Captioned web image data:

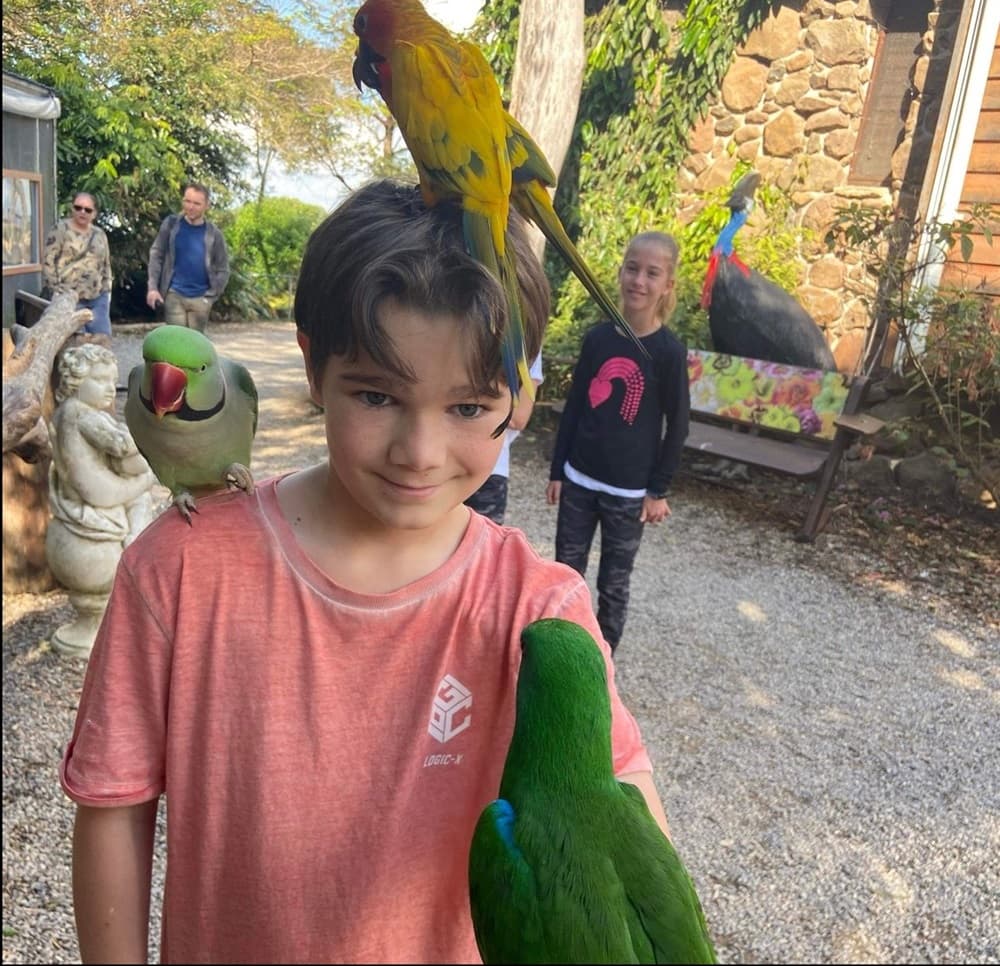 A girl with a green parrot perched on her shoulder outdoors.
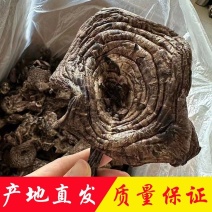 野生黑虎掌云南野生菌干货章子菌一手货源产地直销视频看货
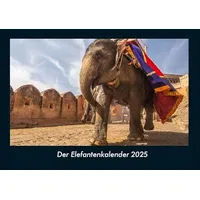 Vero Kalender Der Elefantenkalender 2025 Fotokalender DIN A4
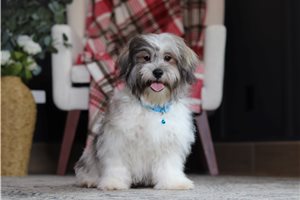 Flint - Shichon for sale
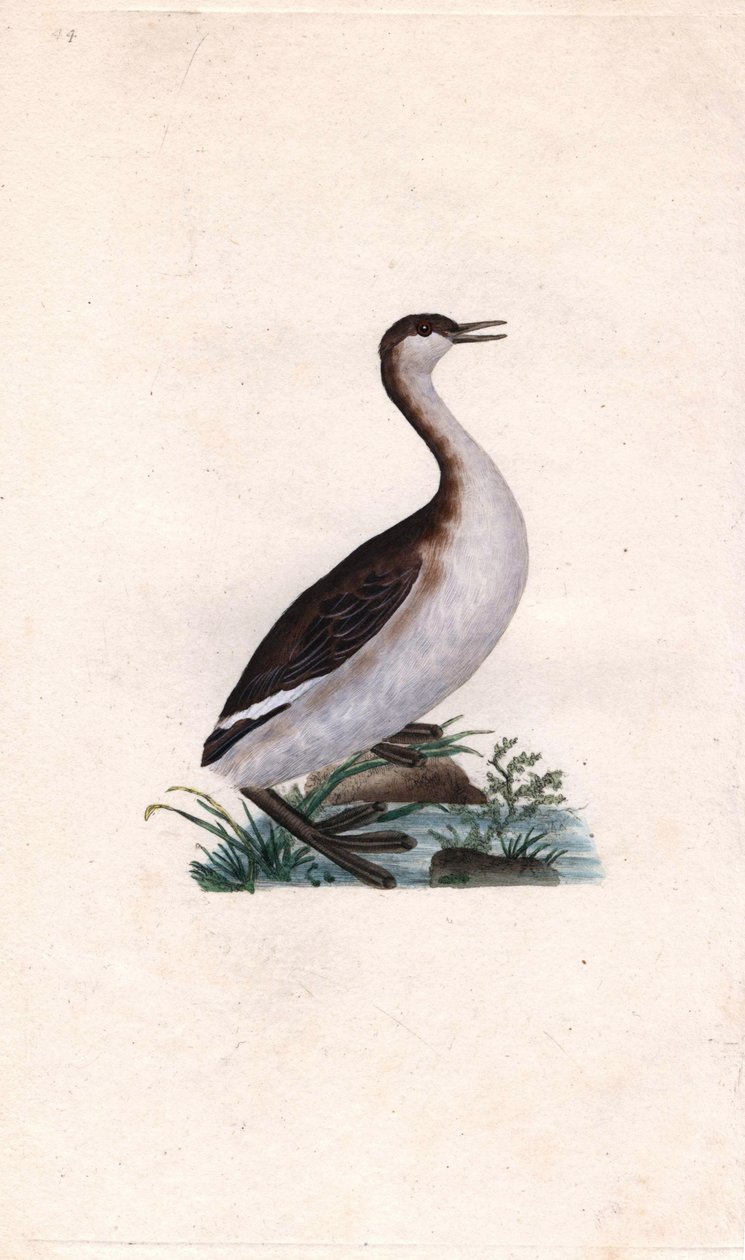 Perkoz Castagny. Tachybaptus ruficollis (Podiceps nigricans). Miedzioryt autorstwa Edwarda Donovana (1768-1837), opublikowany w Natural History of British Birds, Londyn autorstwa Edward Donovan
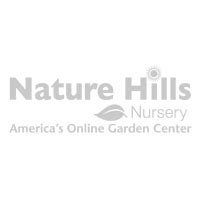 Crimson King Maple Buy At Nature Hills Nursery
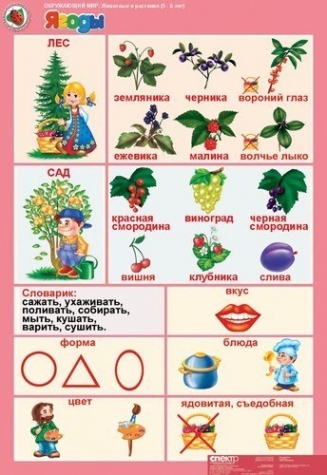 Растительный мир .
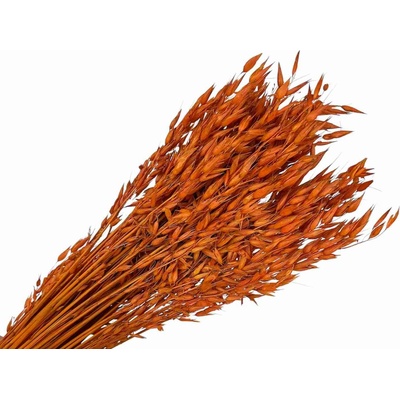 Sušený aranžérsky ovos - klasy 150g - oranžové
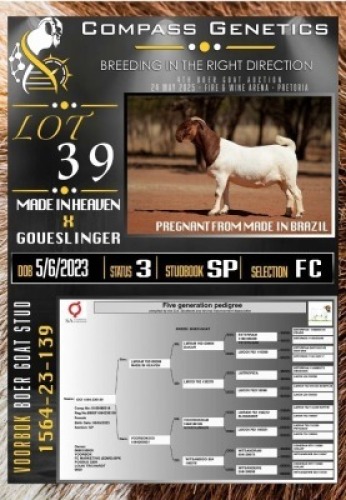 1X BOER GOAT FLOCK ON COLOUR PREGNANT EWE Voorbok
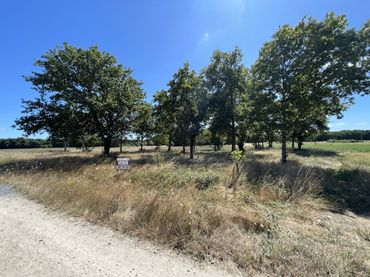Lands and plots for sale in Riveiras, O Carrizo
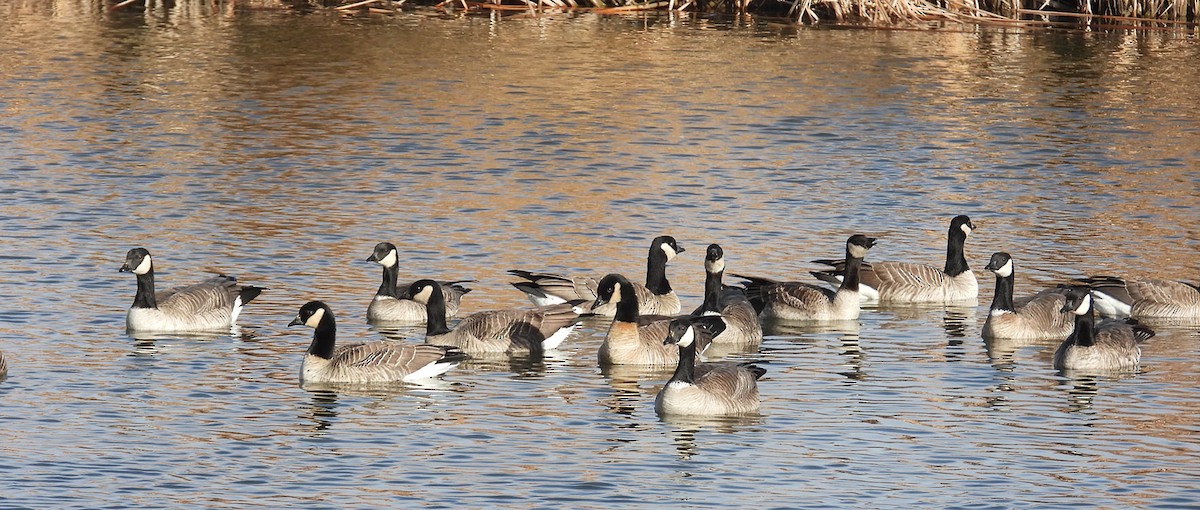 Cackling Goose - ML647226933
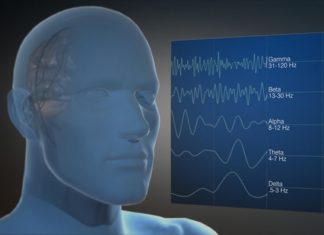 Alpha and theta oscillations move rhythmically across the brain, reflecting neural activity propagating across the cortex to help form working memory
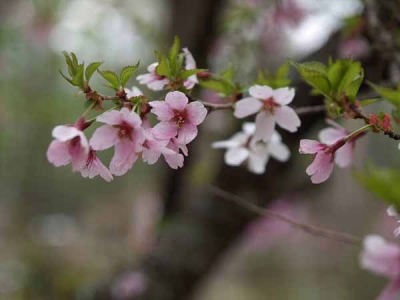 �}���U�N���i�͌��Αn���̐X�j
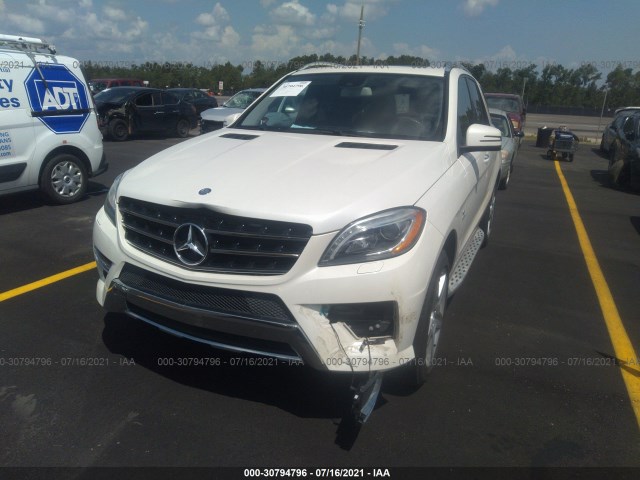 Photo 5 VIN: 4JGDA7DB9DA156584 - MERCEDES-BENZ M-CLASS 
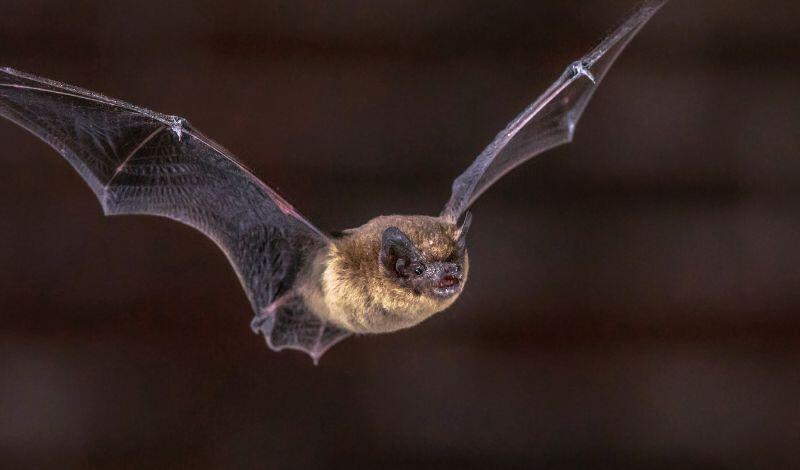 Nuit de la Chauve-Souris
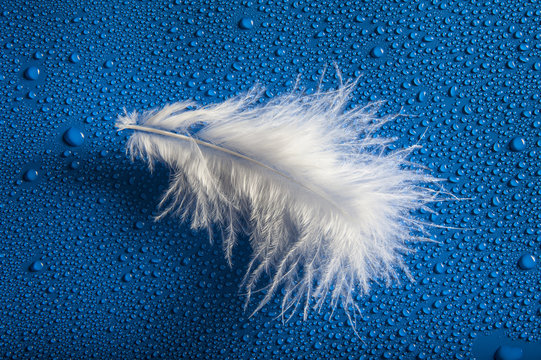 white feather on a dewy background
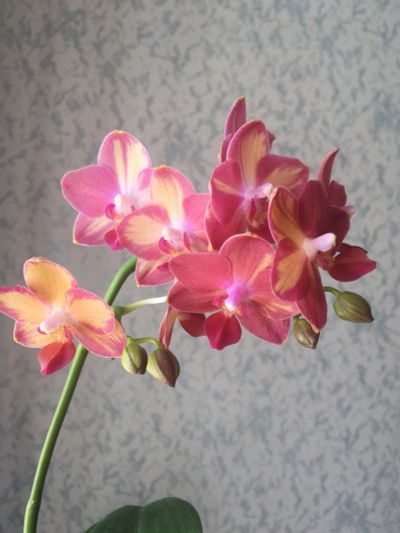 Лот: 15656691. Фото: 1. Орхидея фаленопсис Tying Shin... Горшечные растения и комнатные цветы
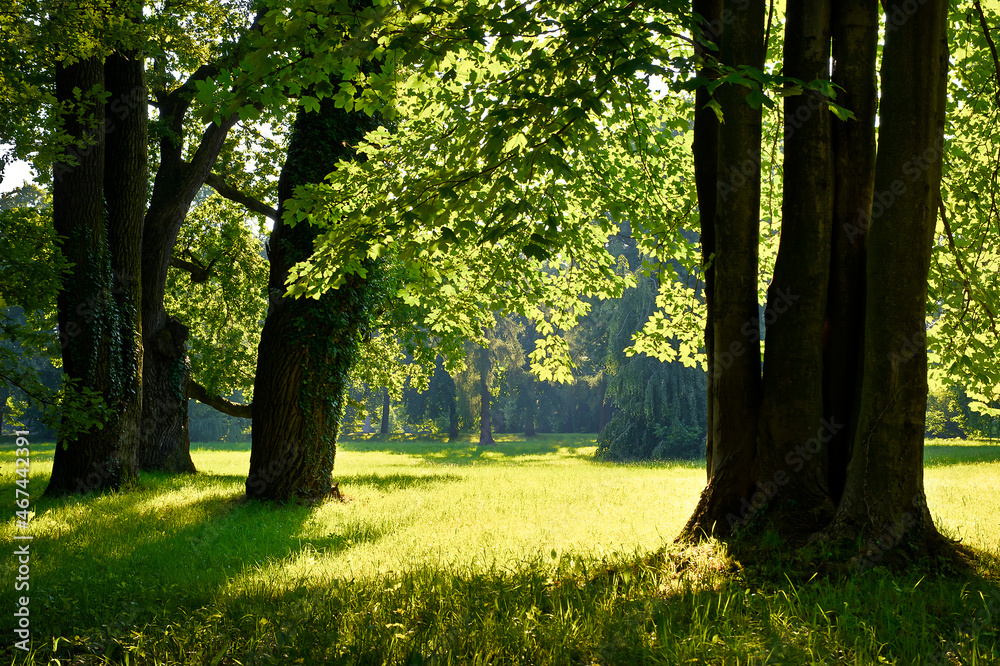 High trees in the summer park High trees in the summer park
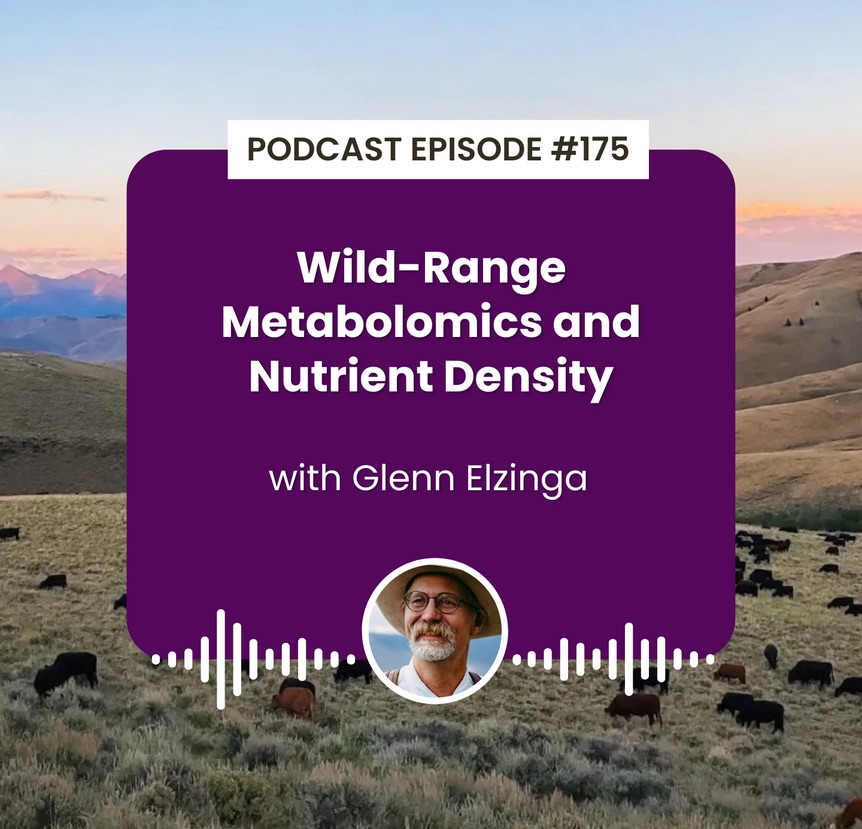 AdvancingEcoAg's tweet photo. Glenn Elzinga is a co-founder of Alderspring Ranch: over 46,000 acres of wilderness rangeland in Idaho, where they have pioneered “inheritance grazing” by living with their cattle 24-7 on horseback. 

In collaboration with researchers like Dr. Stephan van Vliet, Glenn has proven that grazing cattle on diverse wild ranges produces beef with significantly higher anti-inflammatory and antioxidant compounds compared to feedlot alternatives.

On the podcast, Glenn and @JohnKempf discuss: 

➡️ Shifting from formulaic commodity agriculture to the “Wild West” of the regenerative space. 
➡️ How human presence on the ground allows ranchers to coexist with predators like wolves. 
➡️ Results of metabolomics research comparing wild-range beef to feedlot beef. 
➡️ Nutritional wisdom: how cattle self-select plants for preventative medicine. 
➡️ Why handling cattle with a focus on their left-eye perception reduces stress and improves performance. 
➡️ Moving from horizontal expansion to vertical stacking to bring the next generation into agriculture. 

🎧 Listen: https://t.co/2eRkfP7urL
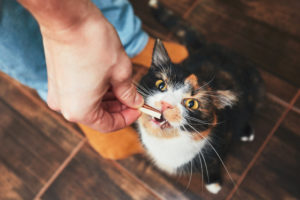 Katze wird ein Hundeleckerli gegeben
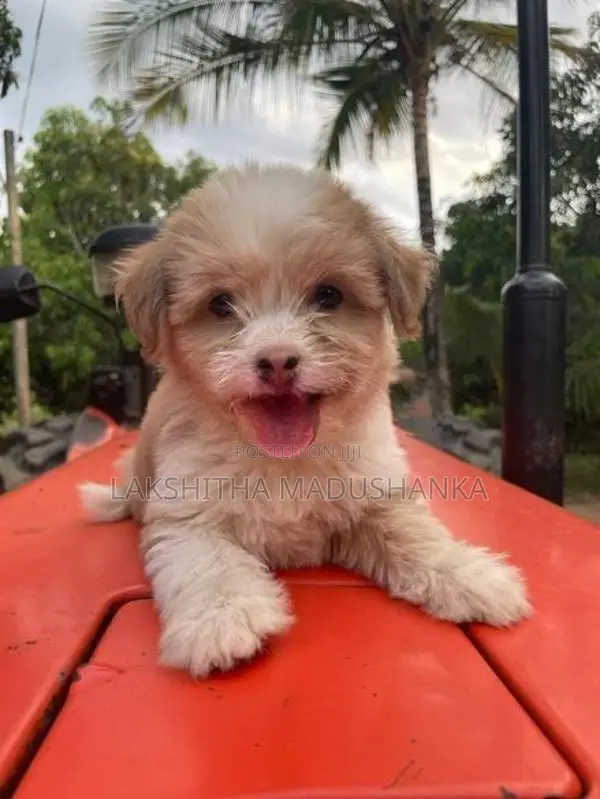 Shithzu Puppy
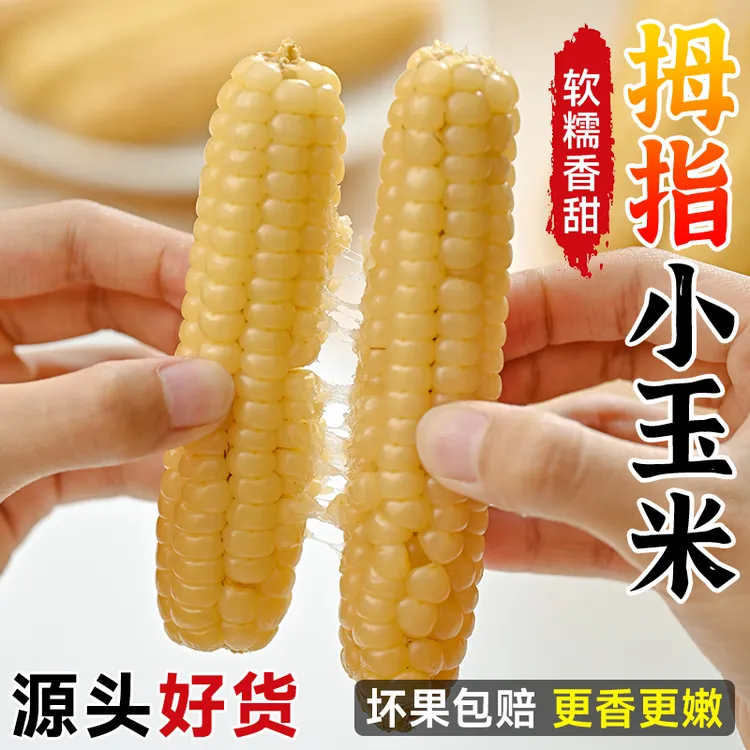 西双版纳拇指玉米正宗宝宝儿童代餐香糯甜新鲜真空早餐手指玉米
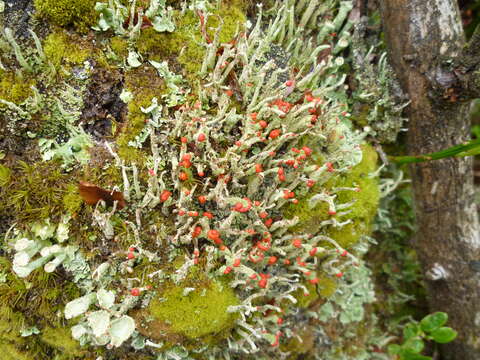 Image of Cladonia macilenta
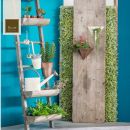 Scala in legno con piccoli vasi e piante davanti a una parete azzurra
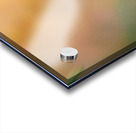 Hornet Collecting Bark for a Nest Acrylic print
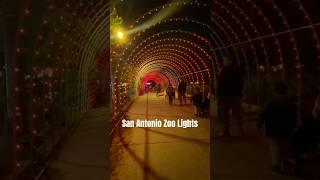 Christmas at the San Antonio Zoo | Family Holiday Activity. #short #christmaslights #sanantoniozoo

### WORK ITEM
Each line from the beginning of the entries up to and including the one containing "High trees in the summer park High" must be restated exactly. Pictures are to be left out.

### EXERCISE ANSWER
 A girl with a green parrot perched on her shoulder outdoors.
 野生黑虎掌云南野生菌干货章子菌一手货源产地直销视频看货
 Vero Kalender Der Elefantenkalender 2025 Fotokalender DIN A4
 Flint - Shichon for sale
 Perkoz Castagny. Tachybaptus ruficollis (Podiceps nigricans). Miedzioryt autorstwa Edwarda Donovana (1768-1837), opublikowany w Natural History of British Birds, Londyn autorstwa Edward Donovan
 Crimson King Maple Buy At Nature Hills Nursery
 Растительный мир .
 Sušený aranžérsky ovos - klasy 150g - oranžové
 1X BOER GOAT FLOCK ON COLOUR PREGNANT EWE Voorbok
Lands and plots for sale in Riveiras, O Carrizo
 Cackling Goose - ML647226933
 Alpha and theta oscillations move rhythmically across the brain, reflecting neural activity propagating across the cortex to help form working memory
 �}���U�N���i�͌��Αn���̐X�j
 Photo 5 VIN: 4JGDA7DB9DA156584 - MERCEDES-BENZ M-CLASS 
 Nuit de la Chauve-Souris
 white feather on a dewy background
 Лот: 15656691. Фото: 1. Орхидея фаленопсис Tying Shin... Горшечные растения и комнатные цветы
 High trees in the summer park High trees in the summer park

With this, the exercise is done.